Standard Elixir boolean operators like `and`, `or`, and `not` can be used to
combine and group multiple alarms. This is an easy way to create an alarm that
tracks exactly what you want.

```elixir
defmodule IntensityThresholdAlarm do
  use Alarmist.Definition

  defalarm do
    (Alarm1 or Alarm2) and intensity(FlakyAlarm, 5, 10_000)
  end
end
```

## Example

The following example shows how to define an alarm that WiFi is unstable based
on a alarm that says when WiFi is down. This is a real life example of an
embedded device with an expensive backup cellular connection.

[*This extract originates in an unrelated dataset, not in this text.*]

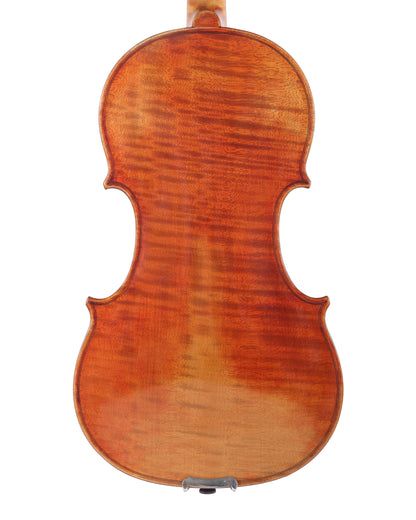 Karl Wurm 4/4 violin, 1978, Erlangen, GERMANY | Metzler Violins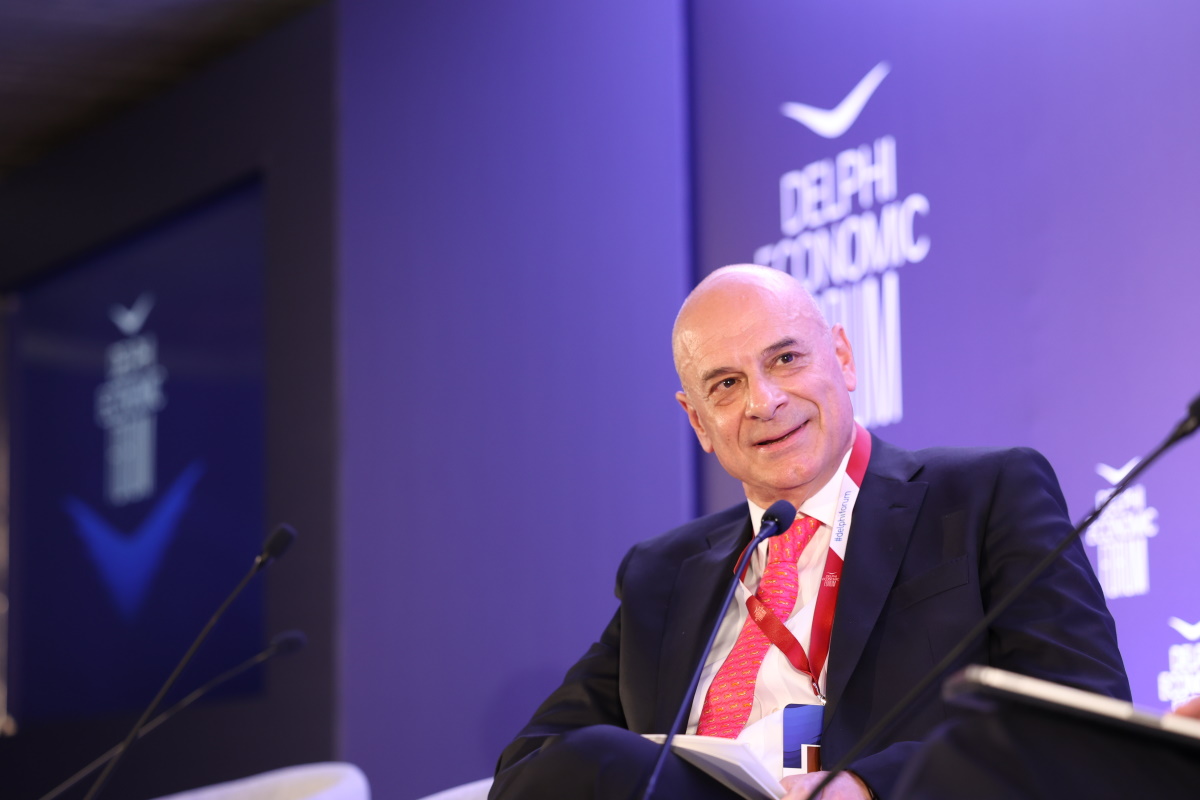 Σ. Ιωάννου – Eurobank: Πρόκληση η εφαρμογή στρατηγικών ESG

WiFi can be flaky,
though, so you wouldn't want to turn on the cellular connection right when WiFi
goes down since that might be a hiccup.

The following code defines a synthetic alarm for unstable WiFi,
`Demo.WiFiUnstable`. The timeouts are short to make it easier to copy/paste into
an IEx prompt and manually run.

```elixir
defmodule Demo.WiFiUnstable do
  @moduledoc """
  Alarm for when WiFi bounces too frequently
  """
  use Alarmist.Definition

  # WiFi must be down for at least 15 seconds or flapped 2 times in 60 seconds
  defalarm do
    debounce(Demo.WiFiDown, :timer.seconds(15)) or
      intensity(Demo.WiFiDown, 2, :timer.seconds(60))
  end
end

defmodule Demo do
  @moduledoc """
  Helpers for setting and clearing alarms
  """
  def wifi_down() do
    :alarm_handler.set_alarm({Demo.WiFiDown, []})
  end

  def wifi_up() do
    :alarm_handler.clear_alarm(Demo.WiFiDown)
  end

  def wifi_flap() do
    wifi_down()
    wifi_up()
    wifi_down()
    wifi_up()
  end
end
```

Now that we have alarm logic and helpers defined the synthetic alarm needs to be
registered:

```elixir
  # ... normally in an Application.start or other code that runs on init ...
  Alarmist.add_synthetic_alarm(Demo.WiFiUnstable)
```

Then subscribe for notifications:

```elixir
  # ... normally in the GenServer with the remediation code...
  Alarmist.subscribe(Demo.WiFiUnstable)
```

Finally, we can exercise setting and clearing the alarm:

```elixir
iex> Demo.wifi_flap
:ok
iex> flush
%PropertyTable.Event{
  table: Alarmist,
  property: [Demo.WiFiUnstable, :status],
  value: :set,
  timestamp: -576460718306150542,
  previous_value: nil,
  previous_timestamp: nil
}
:ok
# Wait ~60 seconds
iex> flush
%PropertyTable.Event{
  table: Alarmist,
  property: [Demo.WiFiUnstable, :status],
  value: :clear,
  timestamp: -576460658305612233,
  previous_value: :set,
  previous_timestamp: -576460718306150542
}
```

NOTE: The event format will likely change in the future to avoid exposing that
Alarmist uses the PropertyTable library internally.

## License

Alarmist is licensed under the Apache License, Version 2.0.